Bölüm 14: Güçlü Jong

34 8 0
                                    

PATT!!

ÇATT!!

GÜMM!!

Durmadan çarpışma seslerinin yükseldiği barbar kampında şimdi yangın da çıkmıştı. Barbar evlerinden biri yanmaya başlamıştı ve siyah dumanlar dört bir yana yayılıp dikkat çekiyordu. Bu iki tarafın da istemediği bir şeydi. Bu yüzden bir an önce işi bitirmek istiyorlardı.

Fakat ne kadar bunu istese de iki tarafta önde olmadıklarını biliyorlardı. Joro'nun belinde ona sürekli acı çektiren, Jong'un köken silahının kudreti yüzünden işkence gibi gelen bir kılıç yarası vardı. Jong'un zırhı ise çoktan parçalanmıştı. Vücudunun bir çok yerinde yaralar ortaya çıkmıştı.

Joro başını çevirdi ve yere kanlı bir balgam fırlattı. Yüzü beyazlamıştı. Sert bir şekilde Jong'un yüzüne baktı. O da pek farklı değildi.

"Genç olman ne yazık.

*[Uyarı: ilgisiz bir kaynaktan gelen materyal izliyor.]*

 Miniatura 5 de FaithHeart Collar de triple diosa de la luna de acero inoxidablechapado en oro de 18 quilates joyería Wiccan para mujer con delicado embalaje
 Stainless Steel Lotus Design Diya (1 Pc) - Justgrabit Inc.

Aksi takdirde bir teknik öğrenmiş olup çoktan beni öldürmüş olurdun. Neyse ki ben o kadar genç değilim."

Teknik öğrenmek kolay değildi. Köken Enerji Aleminde başlayan bu zorlu serüven kesinlikle inanılmaz bir yetenek ve çaba istiyordu. Çok teknik bilmek çoğu zaman önemsizdi. Zamanını boşa harcamaktan fazlası olmazdı. Güçlü bir teknik öğrendiğin bütün teknikleri parçalayabilirdi. Bu yüzden bir tekniği öğrenmenin süresi ne kadar uzunsa gücü de o kadar yüksek olurdu.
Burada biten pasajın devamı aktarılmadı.